The new Bzie-Dębina mine, which is being built by Jastrzębska Spółka Węglowa (JSW), Poland’s largest coal company, is scheduled to come on stream in 2022.
It is expected to cost over PLN 3 billion (EUR 680 million, USD 750 million) and be the first new coal mine to be built in the country since 1994.
"We're moving up a gear in the construction of modern industry," Prime Minister Mateusz Morawiecki declared while visiting the construction site.
He said that once up and running Bzie-Dębina would be “an ultramodern mine needed in Poland … and throughout Europe.”

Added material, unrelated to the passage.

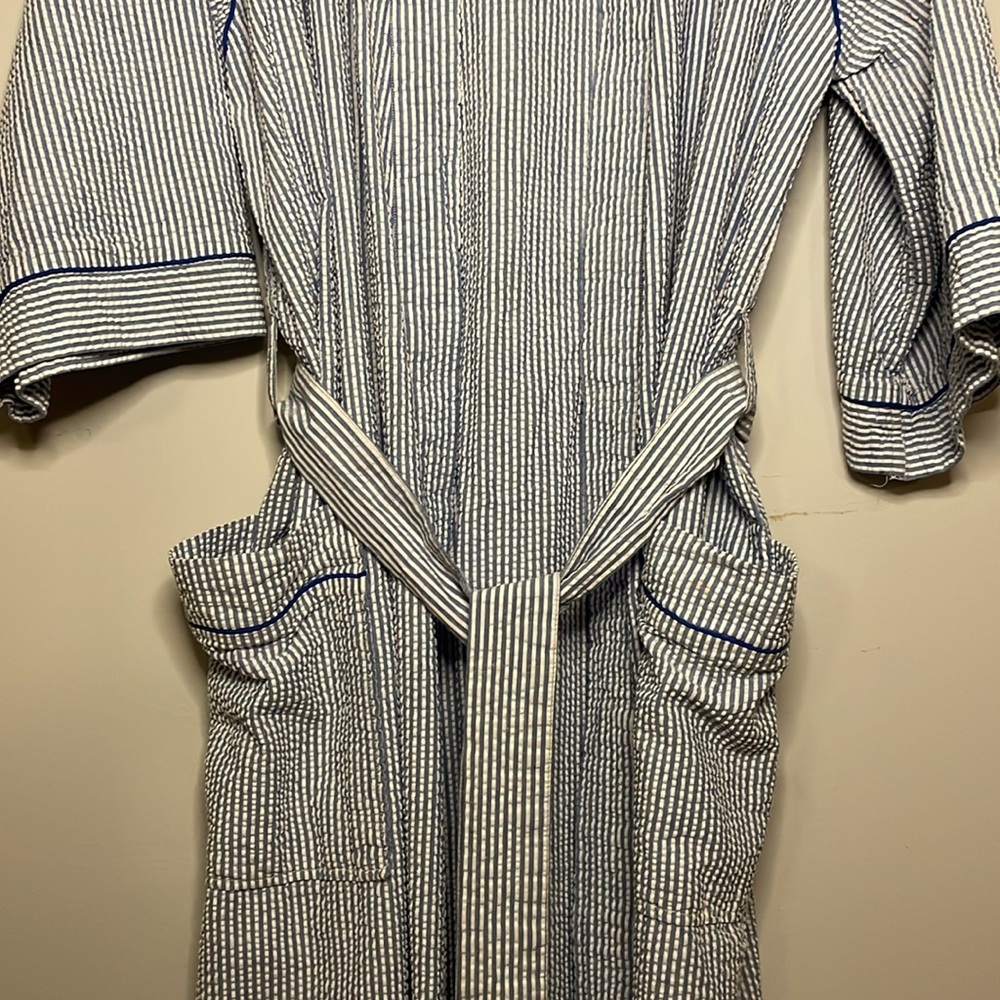 💥PIERRE CARDIN Striped Robe - Picture 2 of 11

Accompanied by Energy Minister Krzysztof Tchórzewski, Morawiecki attended a ceremony in which a mine shaft going down to a depth of 1,164 metres was christened “Jan Paweł,” a reference to the late Polish-born Pope John Paul II.
The new mine will tap into the area’s deposits of some 180 million tonnes of high-quality coking coal, which is used to produce steel, Poland's PAP news agency reported.

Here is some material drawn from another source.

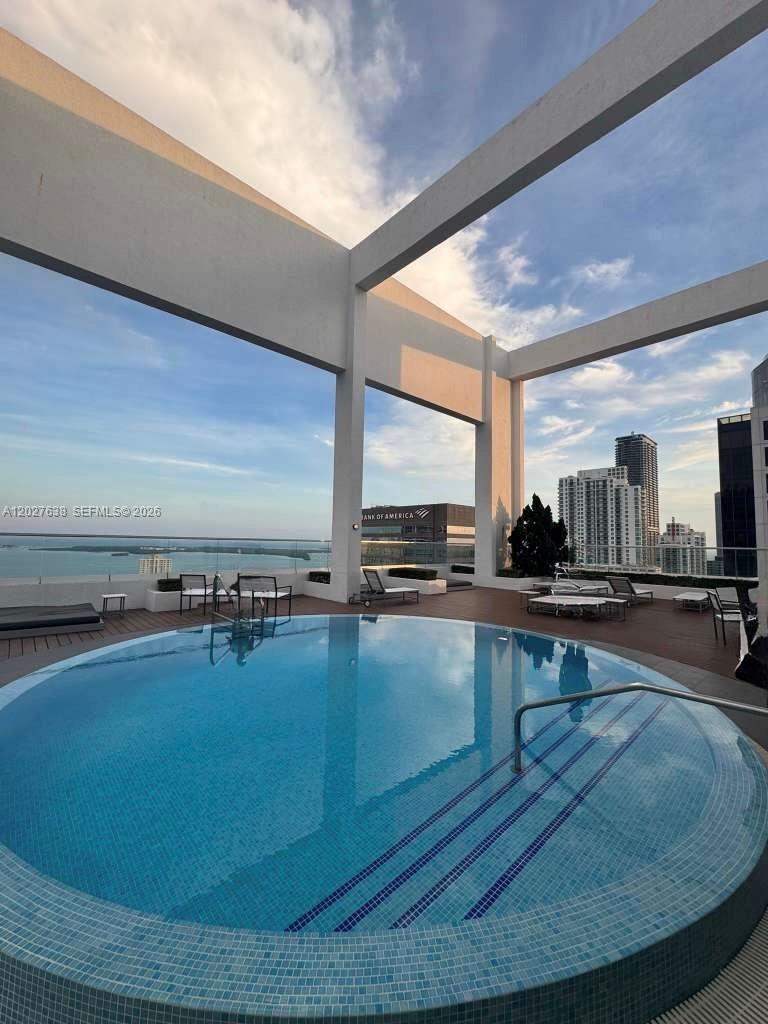 500 Brickell Ave #3910, Miami FL 33131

Morawiecki said in a brief speech that "there is no modern economy without steel, and there is no steel without coking coal.”
He told those gathered that coking coal was on a European Union list of strategic raw materials.
He also said that steel was indispensable in sectors such as the automotive industry, modern railways and renewable energy, where he said wind turbines are made from steel components.
The Bzie-Dębina mine will ultimately extract some 2.2 million tonnes of coal a year, according to executives.
The mine’s owner, JSW, is the largest coal miner in Poland and throughout Europe, with plans to crank up production.
At the moment, the company extracts more than 15 million tonnes of coal annually, an output that is expected to increase to about 18 million tonnes by 2030, the PAP news agency reported.
Morawiecki's visit to the new mine came a day after he defended Polish climate policy at a news conference following criticism from French President Emmanuel Macron.
Macron on Monday hit out at Poland after the country, along with the Czech Republic, Estonia, and Hungary, blocked a proposed strategy at an EU summit in June for the bloc to achieve carbon neutrality by 2050.